Correio Braziliense
postado em 22/01/2020 04:17
Perguntaram-me como é que Rubem Braga, sempre famoso, lascado e mal pago, conseguiu comprar uma cobertura em um edifício de Ipanema. Caramba, comentei, vou responder em forma de crônica. Começo informando que o tema tem uma vaga e distante conexão com Brasília. Na verdade, Braga só conseguiu adquirir a célebre cobertura graças à generosidade do engenheiro Juca Chaves (nada a ver com o cantor de sátiras).
Juca Chaves era pernambucano e descendente do Barão de Gravatá. Tinha dinheiro e realizou o sonho de abrir um bar só para beber com os amigos, o Juca’s Bar, instalado no centro do Rio de Janeiro, no térreo do Hotel Ambassador, na Rua Senador Dantas. Lá, Rubem Braga bebia e conversava com Di Cavalcanti e Vinicius de Moraes.
No mesmo bar, Juca e outros amigos articularam a construção de uma casa provisória para o então presidente Juscelino Kubitschek na Brasília em ritmo de canteiro de obras: o Catetinho. Braga era contra a mudança da capital do Rio para o Planalto Central e sugeria: “Bastava tirar daqui do Rio umas pessoas que enchem demais a cidade, para a coisa melhorar. Eu me ofereço para fazer a lista”.

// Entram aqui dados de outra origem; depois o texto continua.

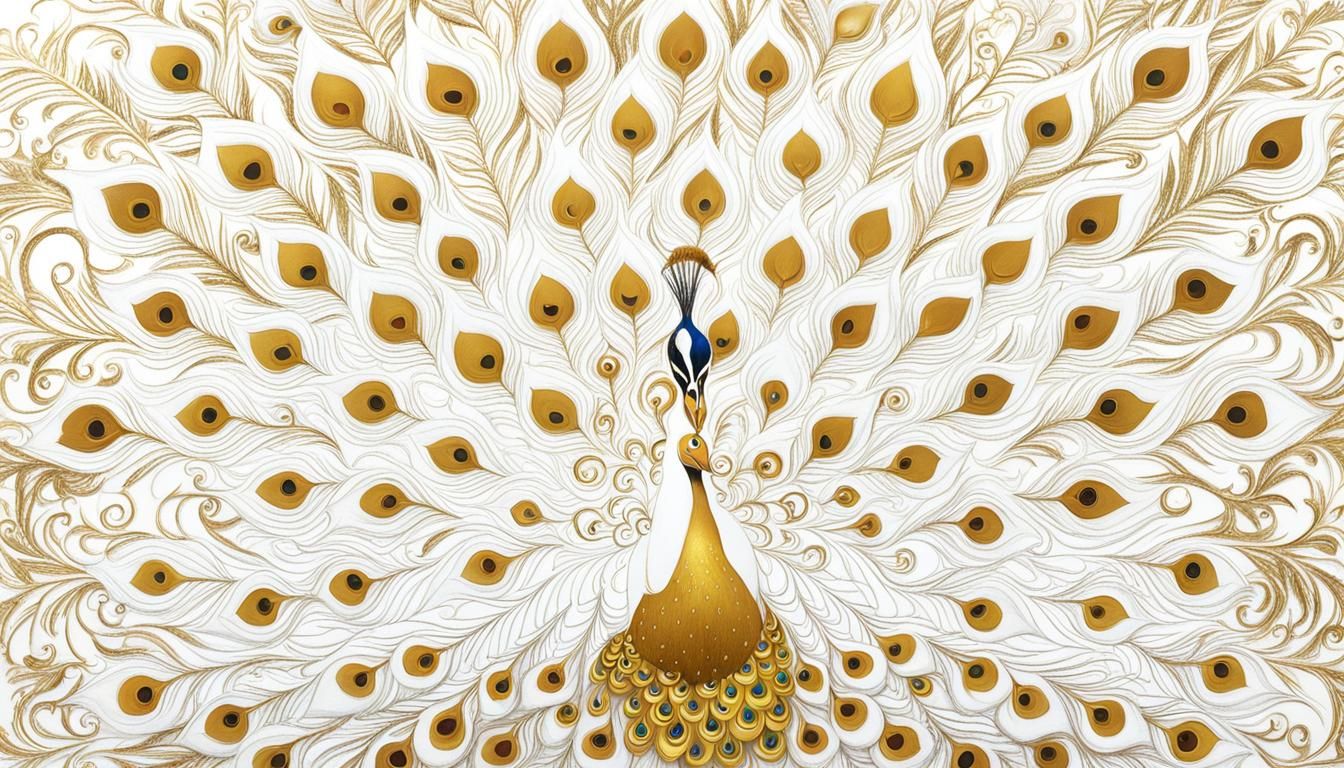 Elegant White and Gold Peacock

Na biografia Rubem Braga — Um cigano fazendeiro do ar, Marco Antonio de Carvalho enfatiza que Juca era gentil, péssimo cobrador e “excelente avalista de papagaios”. O engenheiro foi contratado no início dos anos 1950 para construir o edifício Barão de Gravatá, na Rua Barão da Torre, em Ipanema. Projetado pelo arquiteto Sérgio Fernandes, o edifício tinha 49 apartamentos. Juca planejou morar na cobertura com a esposa.

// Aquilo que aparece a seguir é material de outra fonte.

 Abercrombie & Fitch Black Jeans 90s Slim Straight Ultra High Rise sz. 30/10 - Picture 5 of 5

Ocorre que ele se separou e ofereceu a Rubem Braga, com preço simbólico, preço de amigo. Braga topou e logo encomendou a Burle Marx um jardim suspenso: “Tudo que ele receitou pegou bem, e aguenta o sol e os ventos do sudoeste e a lestada cheia de sal do mar”, disse Rubem. No entanto, rapidamente, trocou as plantas decorativas por árvores frutíferas: pitangueiras, amoreiras, jaqueiras, goiabeiras.

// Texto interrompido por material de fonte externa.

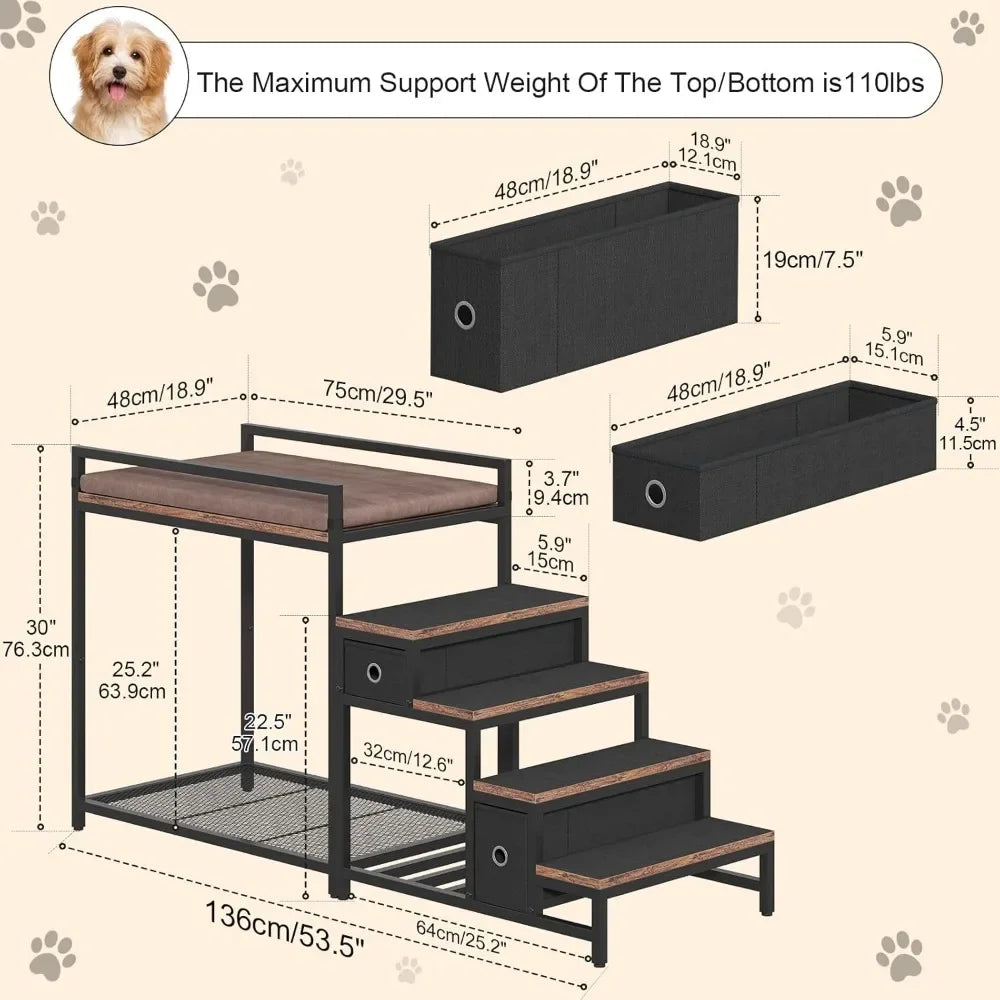 ZUIYU Multi-Level Elevated Pet Bunk Bed with Stairs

Com elas, vieram os pássaros: beija-flores, sabiás, bentevis, canarinhos: “Pago o condomínio, e Deus não deixa o edifício cair”. Na cobertura, recebia a visita dos amigos Vinicius, Manuel Bandeira, Fernando Sabino, Otto Lara Resende, Joel Silveira e João Cabral de Melo Neto. E curtia o silêncio, a paisagem marinha e um certo clima interiorano de Cachoeiro do Itapemirim suspenso no ar.
Mas, atenção, Marco Antonio de Carvalho lembra que, naquela época, ninguém morava nas coberturas. O espaço abrigava a casa do porteiro dos edifícios. Braga fechou o acesso aos condôminos e, quando o síndico perguntou como os vizinhos que quisessem visitar seriam recebidos, ele respondeu seco, com o célebre mau humor bem-humorado: “À bala”.